Married for 4 1/2 years now. 

Basically our sex life was ok/good before we got married. I think the lack of seeing each other all week most times led to sex on the weekend kind of being expected and enjoyable having been away from each other. I wouldn't say it was as good as it was with an ex I had but it was still ok. My wife was a good girl all her life but opened up quite a bit with me. Not necessarily to the extent I'd have liked but certainly enough I was satisfied.

Pretty much after getting married we dropped off. It wasn't necessarily from her turning me down per se, moreso we just didn't seem to have that regular sex time. For instance, when dating and I'd go to her house on Friday night to stay the weekend or vice versa, we always had sex that night. That "newness" kind of died off and with it the times we had sex dropped off too. 

To be fair as part of the story, I have ED issues and take Cialis before I can have sex. As time went on I've made comments about it and tried to talk with her about it. Basically her only response is that I should always initiate it. One, because I need time to prepare so to speak and two, she just doesn't like to initiate. 

For awhile I tried it her way, I'd try and surprise her and initiate but got a few "I'm tired" and "It's too late in the night" responses. I would say that I was at best 1 out of 3 trying that on average. Needless to say that was frustrating, as well as expensive since my insurance doesn't cover those pills and they are over $10 ea. 

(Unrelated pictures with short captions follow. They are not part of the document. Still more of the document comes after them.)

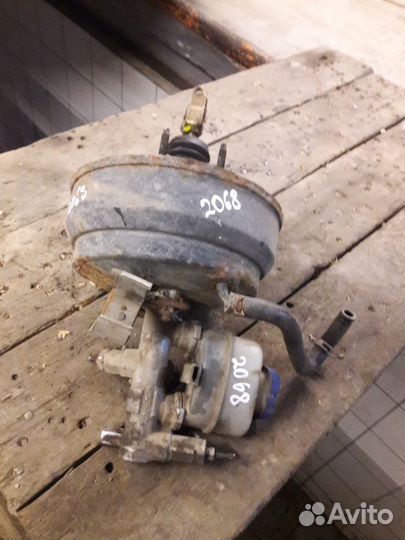 Вакуум в сборе - Nissan Almera N15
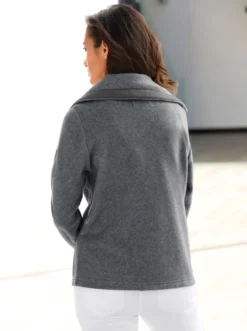 Fleecejacke mit schrägen Reißverschluss-Taschen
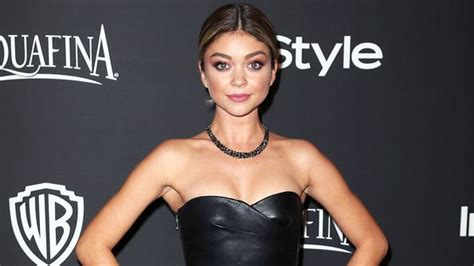 Sarah Hyland Reveals Her Love Of Spanx At Golden Globes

We eventually tried a "schedule" for sex nights. Sometimes that worked. But again it was totally on me to initiate no matter what. It got to the point I felt like if I was always the one to have to initiate, bring it up, be sexual in any way that it just wasn't worth it. It made me feel like she simply wasn't that interested in it. 

One thing that was also an issue, our sex became very ordinary and repetitive. It was always the same. When we dated we tried different things, different places, lingerie for her, sexy costumes and outfits, sexy talk about others. She also did sexy pics for me and I love those to this day. All of that has went away. She hasn't bought one new piece of lingerie since we got married over 4 years ago.

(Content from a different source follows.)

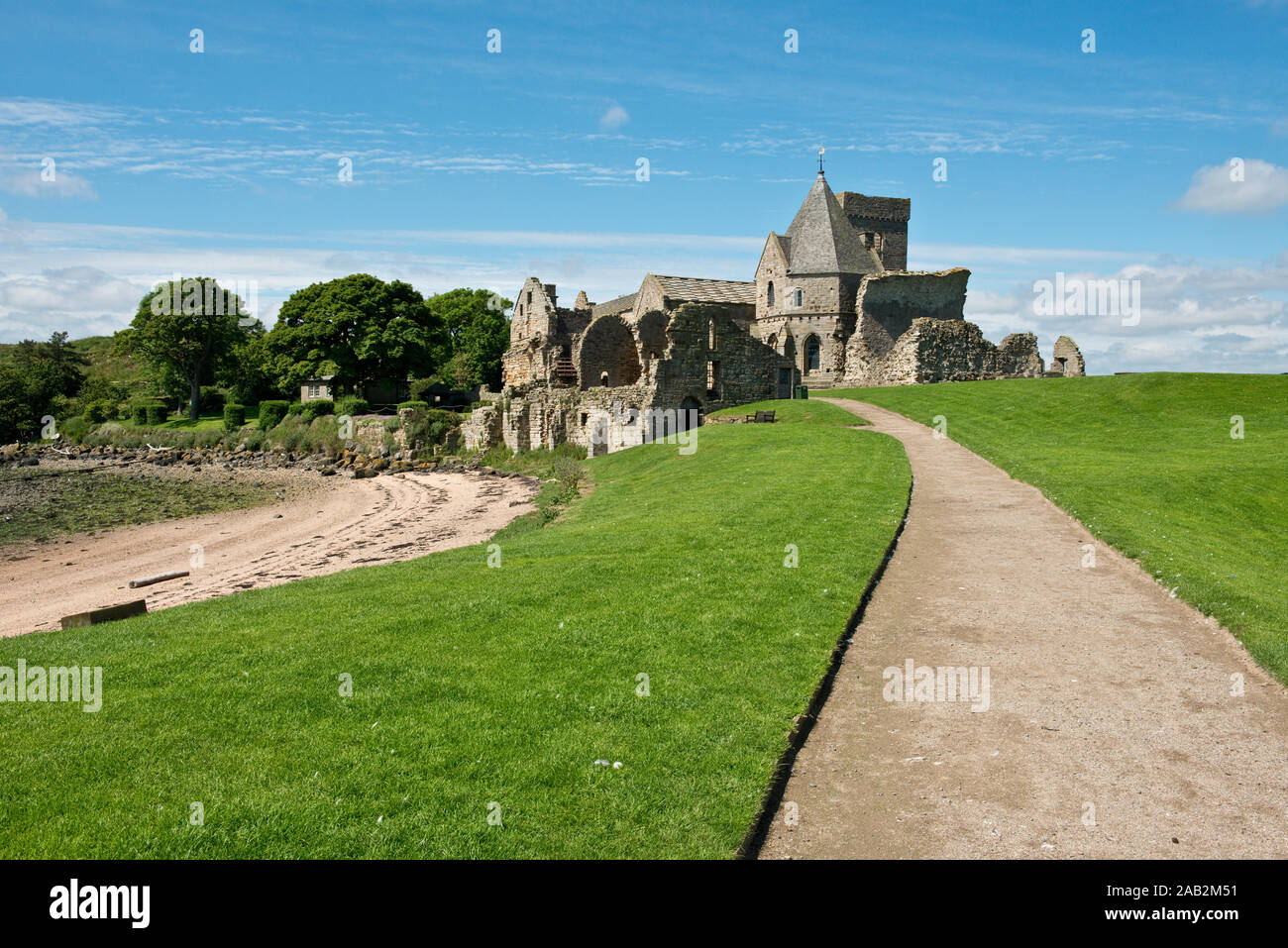 Inchcolm Abbey. Situato sull isola di Inchcolm nel Firth of Forth, Scozia Foto Stock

As that went on I admit I used porn more and more. Either that or simply fantasized about other women or different situations while masturbating. Although I know it's not healthy, it really has gotten to the point that masturbating became a more enjoyable way of release than having to go through all the other and feeling in some ways undesired even if she agreed to have sex.

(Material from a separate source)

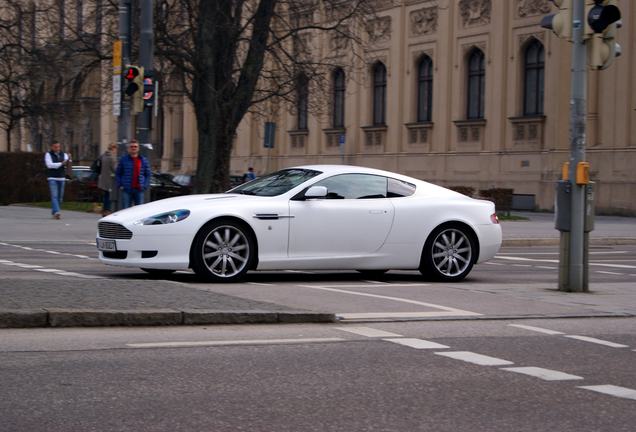 Aston Martin DB9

In the past 12 months we have had sex 3 or 4 times. It's been over 3 months now since I've had sex. We do have a 2 1/2 year old. But even when we went to Las Vegas for a week last year and left our daughter with her parents, no sex. I thought while gone I'd see if she ever mentioned it. I brought meds for it if so, hoped it would come up, but having been the one to bring it up in the past I wanted I guess to see if she would even desire it. It was never mentioned by her so I just let it go.

I realize my issues (ED/watching porn or fantasizing more) are part of our problem. Maybe I'm not aggressive enough. The ex I had the great sex life with was much more aggressive than my wife. I do want to also say I had the ED issues with the ex too so it's not a current situation with my wife only or a new situation from watching more porn.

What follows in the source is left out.